### Material for the task
● ● ● ●
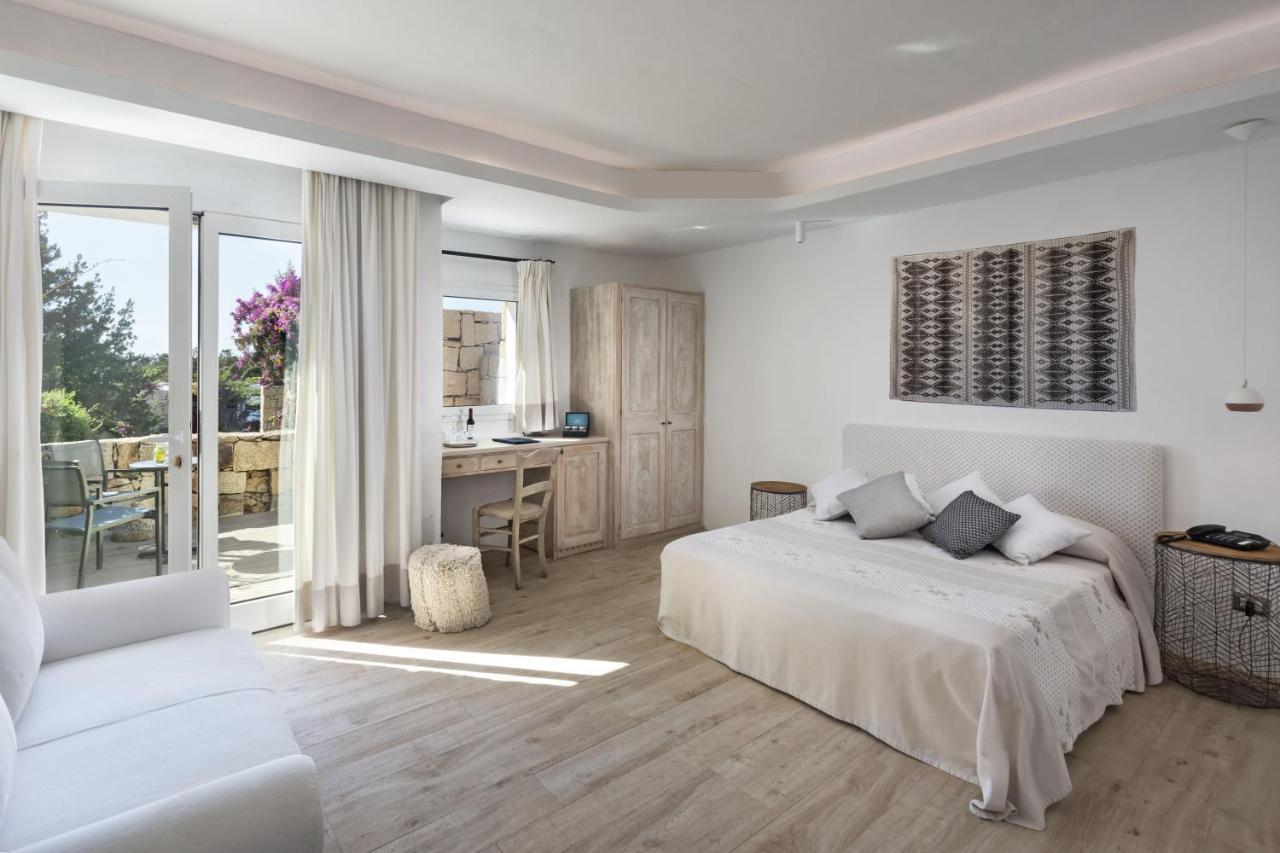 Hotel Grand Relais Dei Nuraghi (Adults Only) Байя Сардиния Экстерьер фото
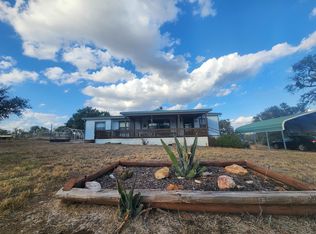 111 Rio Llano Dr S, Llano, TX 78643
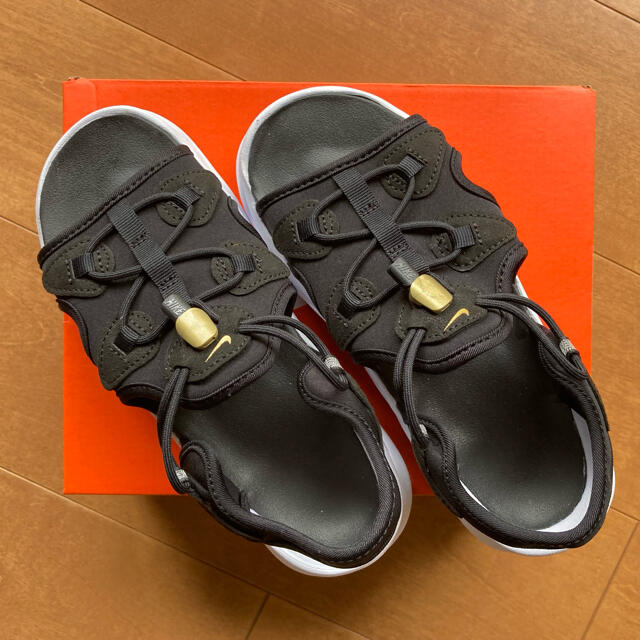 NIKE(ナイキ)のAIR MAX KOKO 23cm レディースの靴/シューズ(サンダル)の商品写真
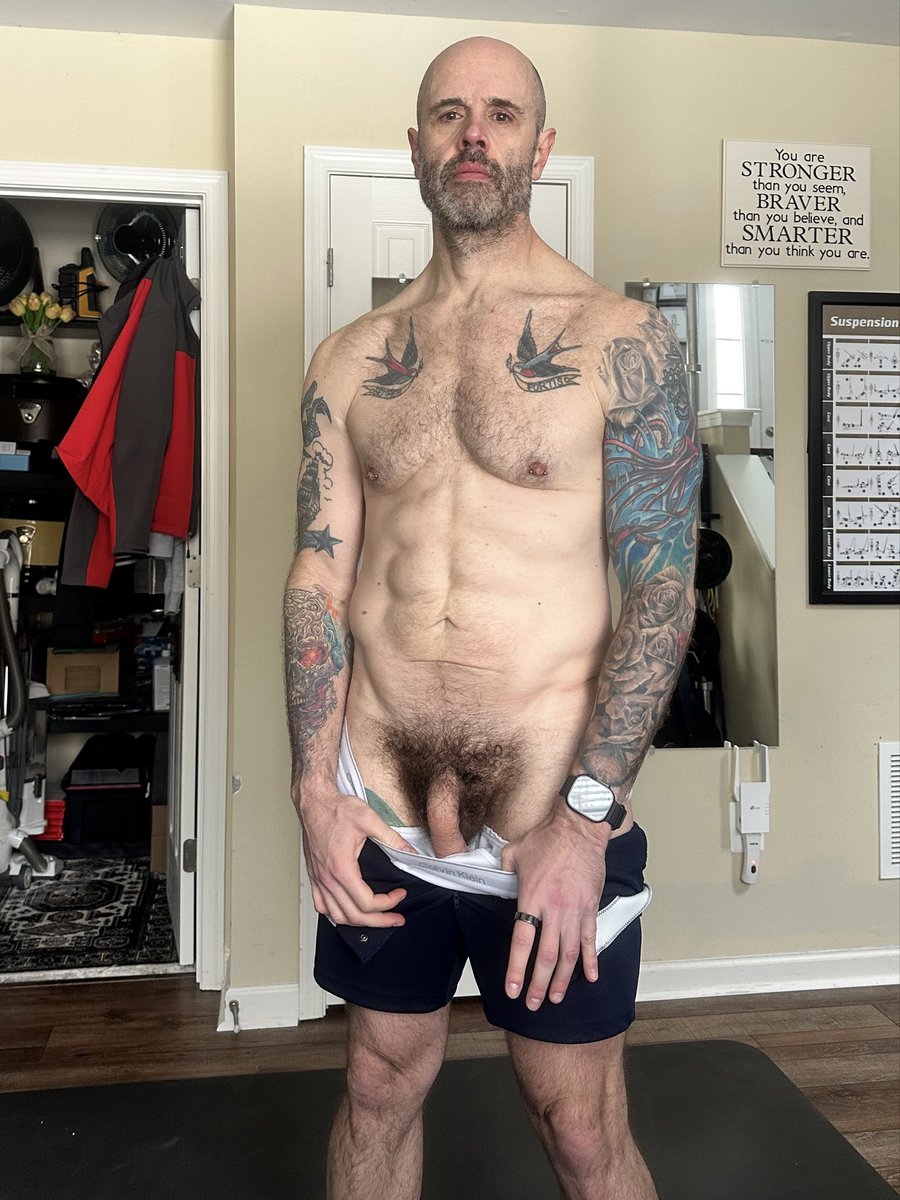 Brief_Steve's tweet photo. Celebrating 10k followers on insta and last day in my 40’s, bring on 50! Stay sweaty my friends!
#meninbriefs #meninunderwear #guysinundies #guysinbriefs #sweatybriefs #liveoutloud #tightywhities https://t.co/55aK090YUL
● ● ● ●
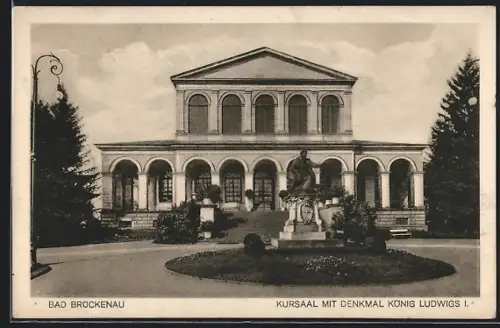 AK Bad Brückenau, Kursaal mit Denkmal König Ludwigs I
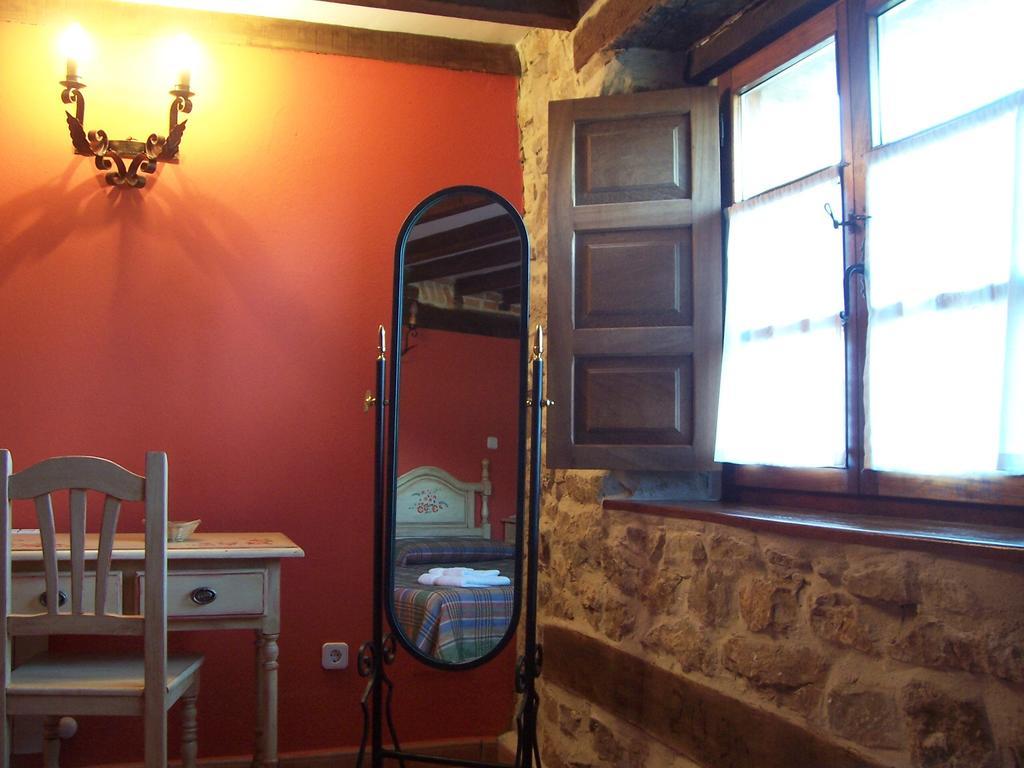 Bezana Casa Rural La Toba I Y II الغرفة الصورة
● ● ● ●
### Work request
Word for word, repeat the lines above from the one with "111 Rio Llano Dr S, Llano, TX 78643" through the one with "#meninbriefs #meninunderwear #guysinundies", and nothing beyond them. Omit the pictures.

### Result
 111 Rio Llano Dr S, Llano, TX 78643
 NIKE(ナイキ)のAIR MAX KOKO 23cm レディースの靴/シューズ(サンダル)の商品写真
 Brief_Steve's tweet photo. Celebrating 10k followers on insta and last day in my 40’s, bring on 50! Stay sweaty my friends!
#meninbriefs #meninunderwear #guysinundies #guysinbriefs #sweatybriefs #liveoutloud #tightywhities https://t.co/55aK090YUL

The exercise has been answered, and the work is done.